Sonia Devillers – Les exportés
Ça se lit comme un roman mais il s’agit de journalisme d’investigation sur l’histoire des juifs en Roumanie et, en particulier, la famille de l’auteur.
Ce sont des faits peu connus. De 1945, à la fin de la Deuxième guerre, à 1989, la Roumanie a vécu sous un régime dictatorial assez rude. D’abord sous Gheorghe Gheorghiu-Dej jusqu’à 1965, puis sous Nicolae Ceausescu jusqu’à 1989.
Dans un pays très fermé, où personne ne pouvait le quitter, et un antisémitisme très féroce comment se débarrasser des juifs ?
Vu par les juifs, il n’y a rien de mystérieux : ils payaient un certain montant, assez élevé à un passeur, Henry Jacober, qui s’occupait de tout. Les juifs n’avaient droit qu’à deux valises avec le strict minimum et surtout pas d’argent.
La réalité était complètement différente. Le passeur n’avait droit qu’à une partie de l’argent. Le reste revenait à l’état roumain et servait à acheter du bétail : cochons, moutons, vaches ou taureaux, … à l’entreprise du passeur, spécialisée dans le commerce de bétail. Donc, en réalité, il s’agissait bien d’un « troc », ou d’exportation dont s’est vanté Nicolae Ceausescu : « Les Juifs et le pétrole sont nos meilleurs produits d’exportation ».
Ce système a commencé en 1958, avec un arrêt de deux ans, juste après la prise du pouvoir par Ceausescu, et perduré jusqu’à la fin de la dictature.
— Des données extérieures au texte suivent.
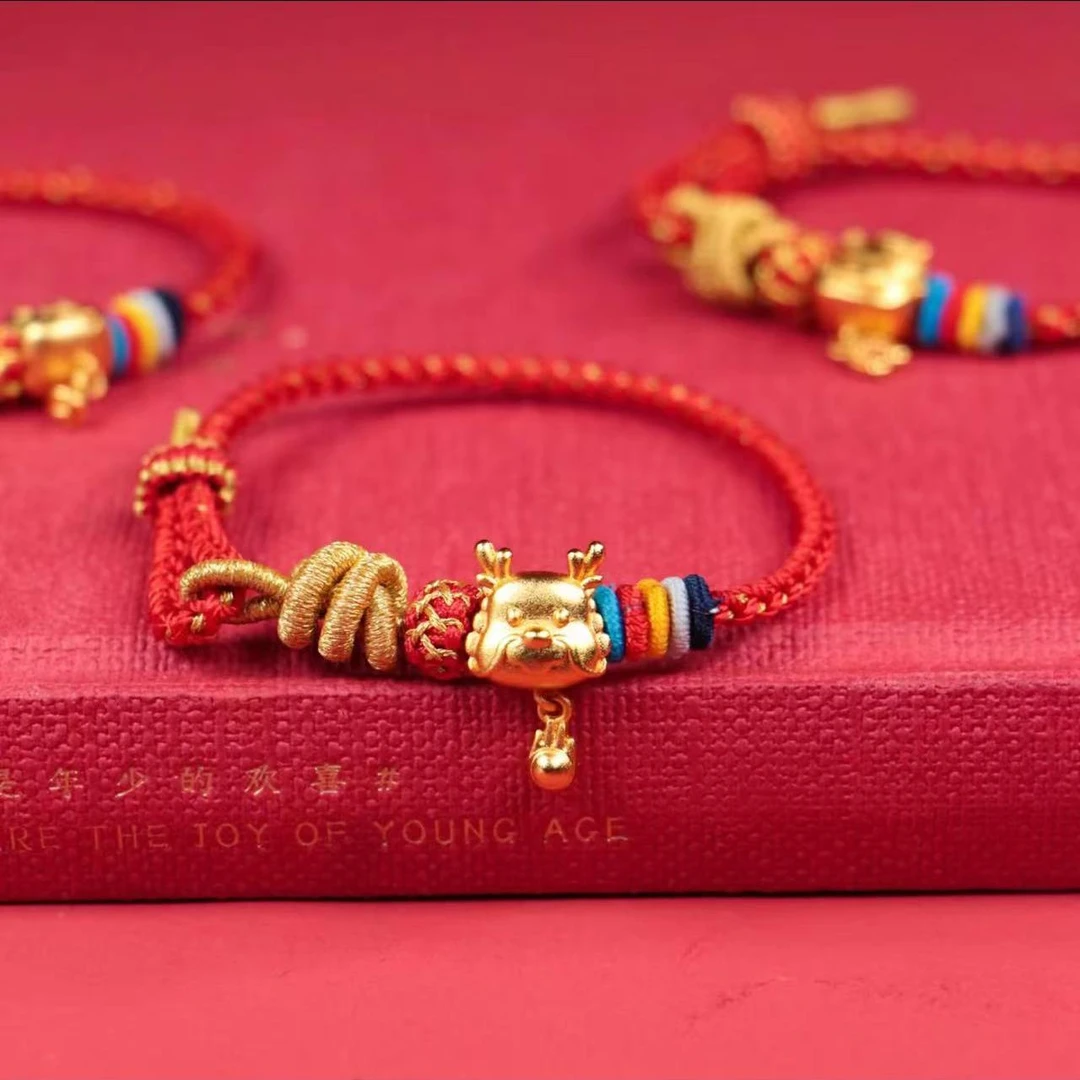 合金手链 2026新款马年红绳手工编织生肖手绳手链本命年红绳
Ion Mihai Pacepa, oficier général roumain chef de la Securitate, s’est exilé aux Etats Unis sous la présidence de Jimmy Carter et a publié, en 1987, un livre où il mettait ce système au grand jour mais peu de gens l’ont cru. Ce système a fait l’objet d’un livre par l’historien Radu Ioanid.
L’auteur reprend tout cela dans le cadre de sa famille, précisant le contexte historique des moments. C’est un travail de recherche assez fouillé et documenté par des références bibliographiques. Ça se lit comme un roman mais il ne s’agit pas d’une fiction.
Un bon résumé de ce système est la page de Wikipédia : Exportation de juifs roumains de 1958 à 1989
Citations
Quatrième de couverture
Ma famille maternelle a quitté la Roumanie communiste en 1961. On pourrait la dire « immigrée » ou « réfugiée ». Mais ce serait ignorer la vérité sur son départ d’un pays dont nul n’était censé pouvoir s’échapper. Ma mère, ma tante, mes grands-parents et mon arrière-grand-mère ont été « exportés ». Tels des marchandises, ils ont été évalués, monnayés, vendus à l’étranger.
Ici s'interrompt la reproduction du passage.